TypeScript types are erased at runtime. This code compiles but fails at runtime:

// Looks type-safe. Is not.
const theme = JSON.parse(savedString) as GeneratedTheme;
theme.light.colors.primary; // may throw if light is undefined

parseThemeJSON() is the runtime equivalent of the TypeScript type — it checks the shape at the moment you actually need the guarantee. Use both together:

const result = parseThemeJSON(raw);
if (result.success) {
  // result.theme is GeneratedTheme — TypeScript knows this AND it's verified at runtime
  const primary = result.theme.light.colors.primary;
}

Checking library compatibility

parseThemeJSON() validates the current library’s schema. If you serialized a theme with salt-theme-gen@1.0.0 and now run salt-theme-gen@1.2.0 which added new fields, validation will fail on the old data — which is the correct behavior.

The fix is always: regenerate and re-save.

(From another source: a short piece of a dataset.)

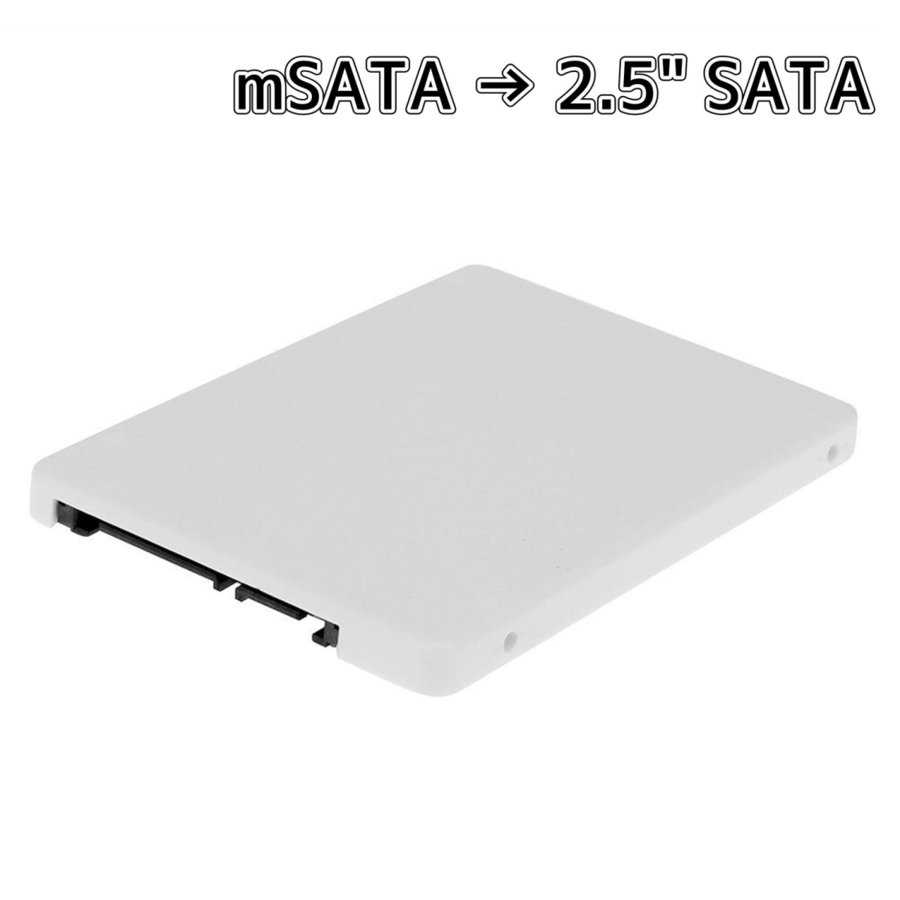 mSATA SSD変換ケース mSATA から SATAへ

// After a library upgrade, re-generate all stored themes
const themes = await db.query('SELECT id, config FROM saved_themes');
for (const row of themes) {
  const parsed = parseThemeJSON(JSON.parse(row.config));
  if (!parsed.success) {
    // Re-generate from the stored preset name
    const fresh = generateTheme({ preset: row.preset });
    await db.query('UPDATE saved_themes SET config = ? WHERE id = ?',
      [JSON.stringify(fresh), row.id]);
  }
}

Run this as a migration script after each salt-theme-gen upgrade that changes the schema.

Zod users: If your project already uses Zod for validation, parseThemeJSON() is implemented with Zod internally. The errors it returns are the same messages Zod would produce. You do not need to write your own Zod schema for GeneratedThemeparseThemeJSON() is the canonical validator.